5) Intense, dynamic shots like this don't come from shooting in a parking turnout along the side of the road. Using a wide-angle 12-24mm lens on his DSLR, Joseph Rossbach scrambled along the edge of the Potomac River trying a variety of compositions. He adhered to the mantra "If you think you're close enough, get closer." The strong triangular rock in the foreground creates a dramatic focal point that leads the viewer through the frame to the cloud formations in the sky. Using the wide-angle perspective and getting low and close to the rock gives the whole shot depth. Once he had his ideal composition, Rossbach set up the camera on a tripod, hooked up a cable release and waited for the sky to get just right. He used a slow shutter speed to blur the rushing water. Great Falls National Park, Virginia Nikon D300, AF-S DX Zoom-Nikkor 12-24mm ƒ/4G IF-ED, Singh-Ray 3-stop ND grad filter, Singh-Ray LB polarizer, Gitzo tripod, Really Right Stuff ballhead
The Importance Of Stability
You've heard it a million times: Use a tripod. Using a tripod is the single easiest thing you can do to improve your images for several reasons. It forces you to slow down, it anchors the camera to ensure sharpness, and it lets you set up the camera in preparation for conditions to become just right. For making the sort of intense landscapes we talk about in this article, a tripod is particularly important.
Keep ISO Low
When you want some extra punch to your colors, you need to select a low ISO. High ISOs reduce color saturation and increase noise. To maintain that low ISO, you often need to shoot at a slower shutter speed, and if you're trying to handhold, this is a recipe for blurry, soft images. With a tripod, you can use slower shutter speeds with confidence. If you're shooting around 1⁄30 to 1⁄8 sec., take an extra step by using the mirror lockup to prevent the vibration from the flipping mirror from inducing motion blur.
Show Dynamic Moving Water
In three of the photographs in this article, the water has been allowed to blur slightly to convey the sense of its movement.

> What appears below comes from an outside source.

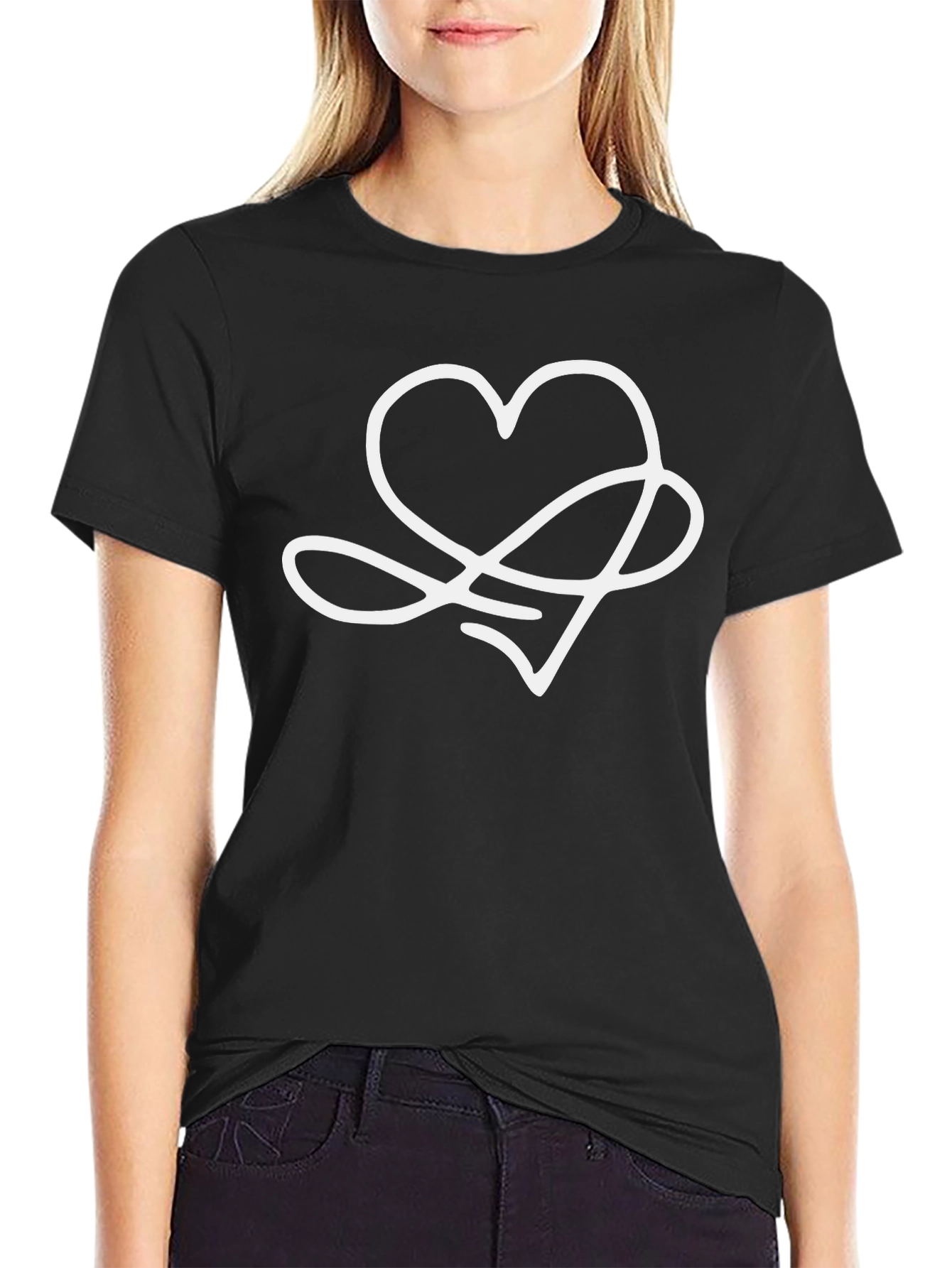 Heart Infinity Symbol Black T-Shirt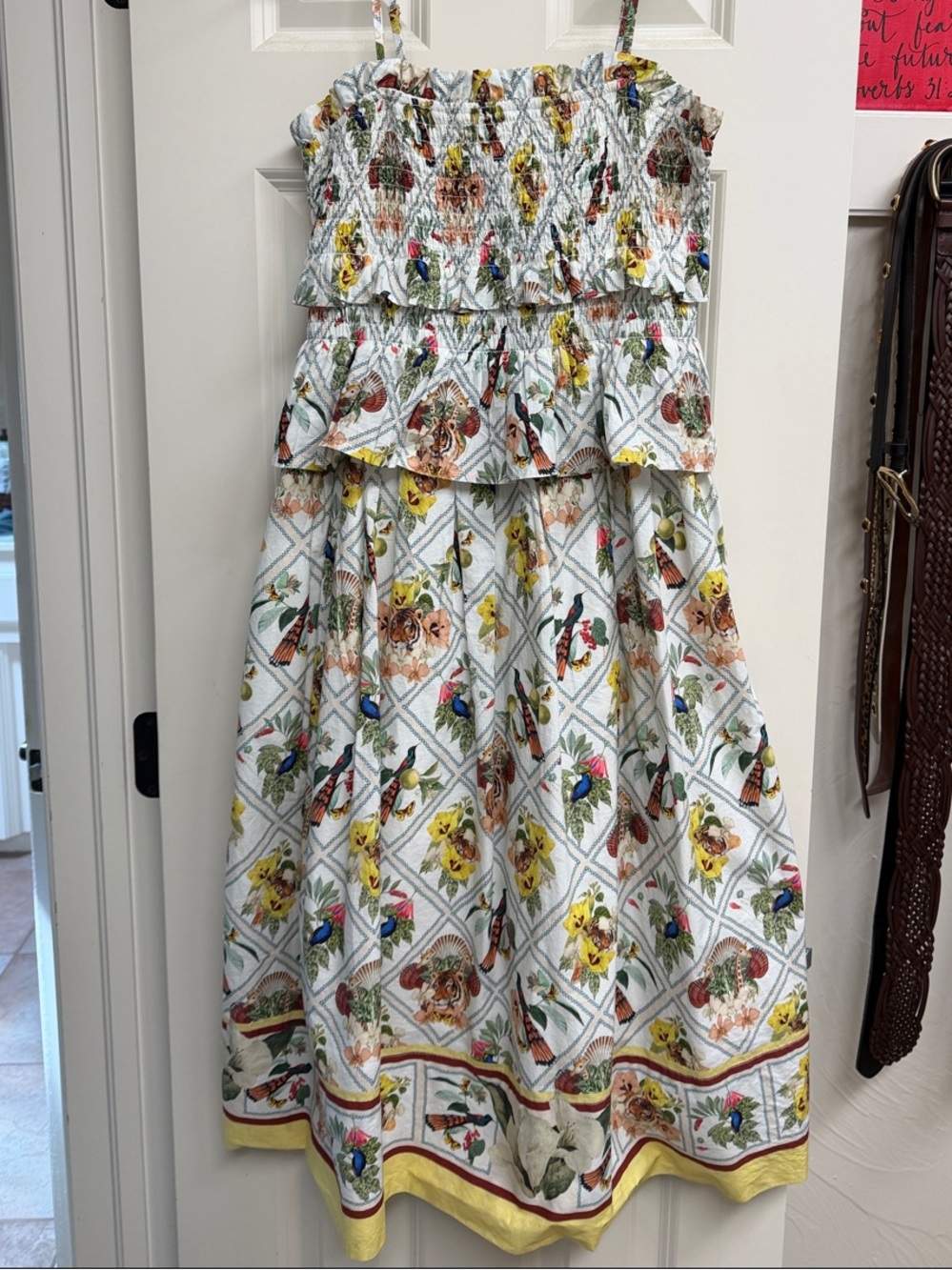 Anthropologie White Floral & Bird Smocked Tiered Sundress with Yellow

This technique often makes for much more dynamic images than freezing the water with a high shutter speed. Again, the tripod is a necessity for creating this effect. Also, because the tripod gives you a firm platform, you can experiment with different shutter speeds to get exactly the look that you want while maintaining the same composition from frame to frame.
HDR And Your Tripod
To get the best results from HDR software, you need to have multiple images at varying exposures that can be combined to form the HDR image. These bracketed exposures, usually at different shutter speeds, need to register properly, and they all need to be sharp. A tripod is an integral part of HDR work if you want to get the best final photo.
The Importance Of Filters
Even in the age of Photoshop and other powerful software solutions, using filters in the field gives you excellent results. A polarizer is a standard item for any nature shooter. Other specialty filters like the B+W Redhancer shown here can add intensity to an image by boosting the reds in the shot. It's not perfect for every scene, but it's a nice tool to have in your bag for special situations when you want to add a little something extra to the image.